15:ノビルを干して保存してみる
先日、佐渡島で山菜採りに連れていってくれた方から興味深い話を聞いた。昔はその辺で抜いたノビルやアサツキなど干しておき、冬の間に食べたのだそうだ。
そのときは立ち話程度だったので詳しいことは聞かなかったのだが、おそらく雪に覆われてしまう前に収穫して、葉っぱの部分を軒下などに縛っておいたのだろう。
よくタマネギやニンニクでやる保存方法だが、それをノビルやアサツキといった野草でやるという発想はなかった。
これは秋から冬にかけての話なのでかなり時期が違うのだが、ノビルで忘れる前にやってみようと、五月上旬にすでに葉部分が固くなってきているノビルを抜いてきた。
それを洗濯物を干す場所にぶら下げる。ポールに縛ってもいいのだが、面倒なので二つ折りにして洗濯ばさみで止めた。
そして冬まで待たずに二十日後、カラカラに乾いたノビルを剥いてみると、パチンコ玉のように渋く輝いていた。
これは硬くて食べられないかなと思ったが、皮を剥いてみるとどうにかなりそうな感じ。茎部分はさすがに硬いので廃棄。
おそらくこれを野菜が収穫できない冬の間に、薬味やつまみとして利用したのだろう。冬の佐渡ならブリやタラと合わせたのだろうが、この時期なので旬のカツオと合わせてみたのだが、これが抜群だった。
刻めば硬さはそんなに気にならず、ニンニクほど刺激が支配的でもなく、まさに薬味の王道といった存在なのである。
玉のままかじると、ガリっという気持ちの良い歯ごたえと共に、口の中一杯にノビル独特の鮮烈な風味が広がり、これもまた堪らない。
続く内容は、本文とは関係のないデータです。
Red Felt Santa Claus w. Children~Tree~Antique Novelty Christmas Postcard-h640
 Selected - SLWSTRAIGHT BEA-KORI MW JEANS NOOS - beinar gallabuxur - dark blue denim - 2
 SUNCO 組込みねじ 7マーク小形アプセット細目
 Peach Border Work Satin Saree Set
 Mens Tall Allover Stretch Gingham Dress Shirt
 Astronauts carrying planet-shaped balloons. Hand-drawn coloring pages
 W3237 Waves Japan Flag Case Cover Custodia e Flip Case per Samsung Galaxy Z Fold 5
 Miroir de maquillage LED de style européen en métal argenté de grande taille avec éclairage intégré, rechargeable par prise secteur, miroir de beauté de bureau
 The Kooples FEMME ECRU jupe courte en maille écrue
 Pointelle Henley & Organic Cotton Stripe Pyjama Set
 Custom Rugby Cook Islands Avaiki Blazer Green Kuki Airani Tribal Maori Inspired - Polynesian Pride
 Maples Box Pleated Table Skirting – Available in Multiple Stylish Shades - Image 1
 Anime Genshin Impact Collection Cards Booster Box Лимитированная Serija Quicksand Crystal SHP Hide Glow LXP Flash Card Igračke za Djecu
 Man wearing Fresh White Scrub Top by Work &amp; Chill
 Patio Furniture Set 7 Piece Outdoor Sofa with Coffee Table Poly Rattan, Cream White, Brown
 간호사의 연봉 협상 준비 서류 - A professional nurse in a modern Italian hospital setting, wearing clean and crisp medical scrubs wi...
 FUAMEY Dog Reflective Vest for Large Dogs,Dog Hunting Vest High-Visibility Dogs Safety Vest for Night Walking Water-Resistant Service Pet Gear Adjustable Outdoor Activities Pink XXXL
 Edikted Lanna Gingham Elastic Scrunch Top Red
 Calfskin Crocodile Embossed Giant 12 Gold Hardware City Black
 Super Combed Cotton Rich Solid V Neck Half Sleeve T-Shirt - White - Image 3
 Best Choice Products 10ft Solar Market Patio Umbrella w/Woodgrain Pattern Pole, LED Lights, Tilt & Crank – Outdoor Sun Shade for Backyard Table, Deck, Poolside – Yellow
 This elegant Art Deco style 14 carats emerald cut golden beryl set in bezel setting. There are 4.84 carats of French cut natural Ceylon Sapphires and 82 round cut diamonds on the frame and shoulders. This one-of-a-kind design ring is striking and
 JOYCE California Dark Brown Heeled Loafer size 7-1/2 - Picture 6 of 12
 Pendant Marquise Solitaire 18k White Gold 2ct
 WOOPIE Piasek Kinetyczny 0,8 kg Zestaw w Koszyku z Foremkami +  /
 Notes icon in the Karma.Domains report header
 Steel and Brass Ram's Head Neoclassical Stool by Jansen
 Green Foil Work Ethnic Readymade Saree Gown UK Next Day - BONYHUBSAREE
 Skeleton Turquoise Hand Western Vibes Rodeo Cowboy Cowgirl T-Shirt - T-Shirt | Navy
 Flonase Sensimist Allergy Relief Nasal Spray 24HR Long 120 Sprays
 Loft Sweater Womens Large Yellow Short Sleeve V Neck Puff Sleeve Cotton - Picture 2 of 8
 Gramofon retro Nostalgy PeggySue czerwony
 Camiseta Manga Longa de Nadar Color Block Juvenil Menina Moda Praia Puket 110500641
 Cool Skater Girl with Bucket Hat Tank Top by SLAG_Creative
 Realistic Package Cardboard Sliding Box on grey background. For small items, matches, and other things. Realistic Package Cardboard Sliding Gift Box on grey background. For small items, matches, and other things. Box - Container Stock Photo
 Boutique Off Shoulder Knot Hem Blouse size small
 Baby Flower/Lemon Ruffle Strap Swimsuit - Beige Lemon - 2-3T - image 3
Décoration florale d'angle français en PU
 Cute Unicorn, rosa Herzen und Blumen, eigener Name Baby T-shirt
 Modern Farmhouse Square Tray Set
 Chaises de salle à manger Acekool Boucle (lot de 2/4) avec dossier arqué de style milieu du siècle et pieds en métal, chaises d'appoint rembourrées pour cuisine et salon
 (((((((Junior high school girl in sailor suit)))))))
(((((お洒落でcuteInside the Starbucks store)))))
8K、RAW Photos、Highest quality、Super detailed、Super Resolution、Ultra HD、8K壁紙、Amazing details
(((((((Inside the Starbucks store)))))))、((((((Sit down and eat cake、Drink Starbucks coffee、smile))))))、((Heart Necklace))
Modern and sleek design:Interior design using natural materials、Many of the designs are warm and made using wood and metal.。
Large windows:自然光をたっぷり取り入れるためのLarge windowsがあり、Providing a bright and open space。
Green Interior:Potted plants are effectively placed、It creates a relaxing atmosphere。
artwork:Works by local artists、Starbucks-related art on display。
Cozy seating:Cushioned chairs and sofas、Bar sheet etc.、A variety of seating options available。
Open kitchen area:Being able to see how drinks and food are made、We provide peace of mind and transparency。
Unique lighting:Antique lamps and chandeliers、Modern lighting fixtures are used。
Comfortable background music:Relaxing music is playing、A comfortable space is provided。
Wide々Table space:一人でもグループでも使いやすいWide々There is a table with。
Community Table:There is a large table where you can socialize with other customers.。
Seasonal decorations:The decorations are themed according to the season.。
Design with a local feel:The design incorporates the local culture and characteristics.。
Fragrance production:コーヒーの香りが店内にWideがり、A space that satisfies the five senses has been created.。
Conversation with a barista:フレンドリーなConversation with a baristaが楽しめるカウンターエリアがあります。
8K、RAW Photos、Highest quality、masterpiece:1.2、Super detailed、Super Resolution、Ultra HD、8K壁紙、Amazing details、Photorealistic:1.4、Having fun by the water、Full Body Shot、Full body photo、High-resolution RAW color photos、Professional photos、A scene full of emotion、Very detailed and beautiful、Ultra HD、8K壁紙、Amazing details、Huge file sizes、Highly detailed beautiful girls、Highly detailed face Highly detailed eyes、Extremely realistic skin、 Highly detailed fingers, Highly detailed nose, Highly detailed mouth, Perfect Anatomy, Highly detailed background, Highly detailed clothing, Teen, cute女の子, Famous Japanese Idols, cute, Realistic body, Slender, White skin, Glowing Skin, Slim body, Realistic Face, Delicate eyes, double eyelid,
日本酒や焼酎と相性ぴったり。
ノビルは春先の柔らかい時期が旬だとばかり思っていたが、玉が固くなってからもこんな利用方法があったとは。
秋になったらまたノビルを掘ってきて、今度こそ冬になるのを待ち、雪が降った日にでも、佐渡のブリと日本酒を用意して、一緒に食べてみたいと思う。タラチリなどに入れても良さそうだ。